Last year I celebrated 20 years of CCIE certification. No one threw me a party, there was no ticker tape parade, hell, if I didn’t rescue the email from my spam folder I wouldn’t have known that it even happened. So I celebrated content that I no longer have to pay $80 every 2 years to Cisco, and then I downloaded a CCIE Lifetime Emeritus logo to put on my LinkedIn page (fancy huh?). Getting that certification opened a ton of doors in my career, and I am indeed thankful. But now I no longer need to recertify, or pay dues, or do anything really, and for all that I am also thankful.
Being a network expert when there was insatiable demand for elite network skills was certainly fun. I got to work in a lot of cool places, jetted around the world in economy seating, made some great friends, and most importantly, I helped a lot of good people.
Networking has changed dramatically in the past 20 years, it makes me feel like a dinosaur to look at a new Segment Routing topology or try to understand the intricacies of the latest hot ASIC that all the cool kids are using. But the more it has changed the more it has stayed the same. We still use CLIs, syslog and SNMP. That should give everyone pause, the majority of networks are still managed with protocols and tools created in the 70’s.

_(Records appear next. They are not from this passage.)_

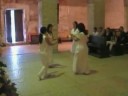www.labottegadarte.com
il centro � una bottega d'arte per l'educazione, nasce nel 1988, da un'idea di maria teresa moroni, � un luogo elegante, confortevole, accogliente che permette di vivere emozioni ed esperienze utili per lo straordinario viaggio dellindividuo alla ricerca e riscoperta di s� stesso. l'arte rappresenta una porta che d� accesso ai livelli pi� profondi della persona, permette di rileggere il passato, di conoscere e programmare il futuro; � una chiave magica per ascoltarsi, conoscersi ed aprire la relazione con l'altro.
il centro � bottega in quanto cura ogni intervento, ogni prodotto, con lo spirito dell'artigiano, governato dalla passione per il proprio lavoro. il centro � arte per l'educazione perch� con l'arte la persona si educa per divenire ci� che �, come il realizzarsi di un'opera, e per manifestarsi e dispiegarsi nel presente con tutte le proprie potenzialit�.
oggi non si ha pi� tempo per pensare ai desideri pi� profondi, si � trascinati in un tempo scandito da ritmi ben precisi, spesso ossessivi. l'ansia assale quando sembra non si abbia nulla da fare. nell'evoluzione l'umanit� ha perso il valore del disegno, cos� come il valore di rimanere soli con s� stessi, e non si accorge che si perde la voglia di comunicare, di esprimersi.
disegnare non � un'esperienza come tante da relegare nella preistoria del bambino. la difficolt� della persona di comunicare genera disagio, che successivamente si trasforma in malattia organica o psichica.
disegnare nell'et� adulta � rinascere come persone, perch� poche sono le occasioni in cui la persona si pu� dichiarare e raccontare al mondo e a s� stesso. permettere ai bambini di disegnare � mettergli nelle mani le chiavi per leggere, interpretare ed entrare nel futuro da protagonisti. l'uomo moderno ha bisogno di recuperare l'esperienza del disegno, la sua dimensione magica; per riprendere possesso di s� e dell'ambiente che lo circonda.
disegnare � conoscere, scoprire, vedere. l'occhio dell'artista non guarda, non rileva per utilizzare, classificare, giudicare, ma vede in una profonda percezione che diventa comunione con la realt�, stupore e incanto della scoperta.
forse si pu� facilmente intuire che i nostri incontri sono avvolti dalla magia di un sacro silenzio che diventa pace e gioia per il cuore.
negli ultimi trentanni si sono fatte avanti teorie provenienti da scienze quali: la sociologia, la pedagogia e la psicologia, che vedono l'evoluzione della persona durante tutto l'arco della vita.
il processo di crescita non ha quindi fine con la giovent�, a patto per� che il soggetto si riconosca, lui per primo, in una situazione di incompiutezza o di non finitezza. la prospettiva presentista (bion et al.) del tempo e dell'evoluzione delle persone, vede l'individuo sempre impegnato a diventare se stesso a evolvere, a tendere verso stati di coscienza che lo portano ad interrogarsi sul significato della propria posizione.
tutte le persone che vogliono diventare se stessi troveranno nelle proposte del centro l'occasione ideale.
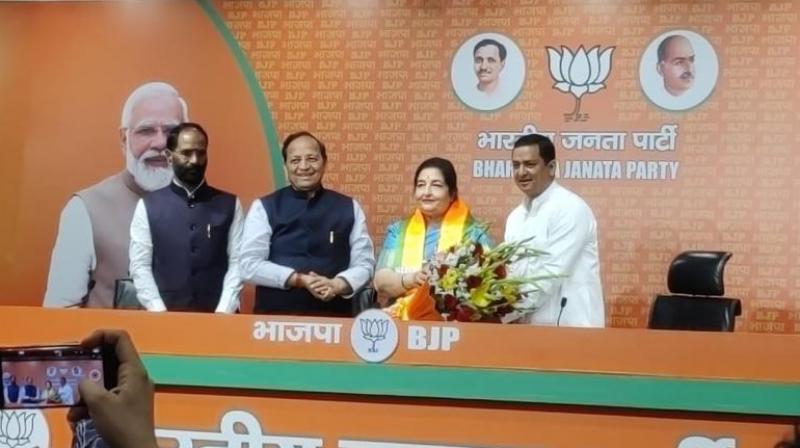 Famous singer Anuradha Paudwal joins BJP News In Hindi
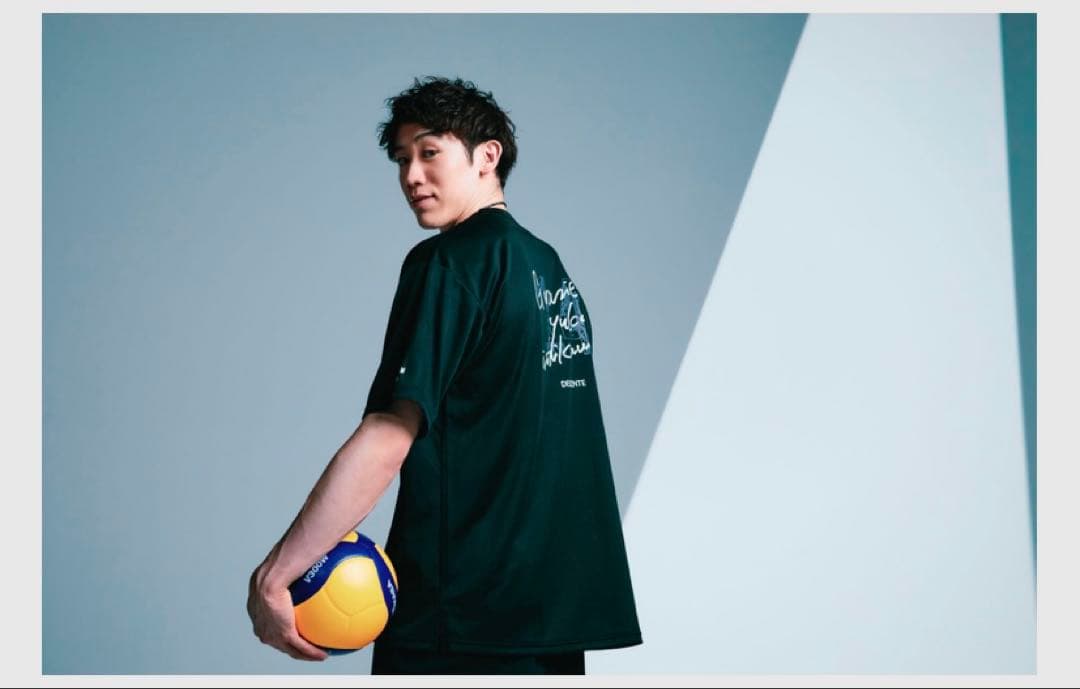 Web限定 DESCENTE 石川祐希 コラボ オリジナルTシャツ Mサイズ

— Disclaimer: One paragraph of marketing —
Recently I’ve been working on some technology that is designed to empower DevOps teams to build and operate data center and edge networks with their preferred tools, namely Kubernetes and the wide world of Cloud Native software. Will this exciting new approach to networking eliminate the need for CCIEs? Unlikely. But I don’t need to do anything at all to achieve that, it’s going to happen on its own.
— End Marketing —
This series of posts will briefly describe some things from my life on the CLI. First off, let me be clear, I’m going to be talking about network experts as “CCIEs”. If you’re a JNCIE or simply someone who has earned their own personal badge of honor by living the same sort of lifestyle, this post IS for you. I don’t like network-vendor-religion, but CCIE is the shortest title I can use to describe the cream of the crop of network experts.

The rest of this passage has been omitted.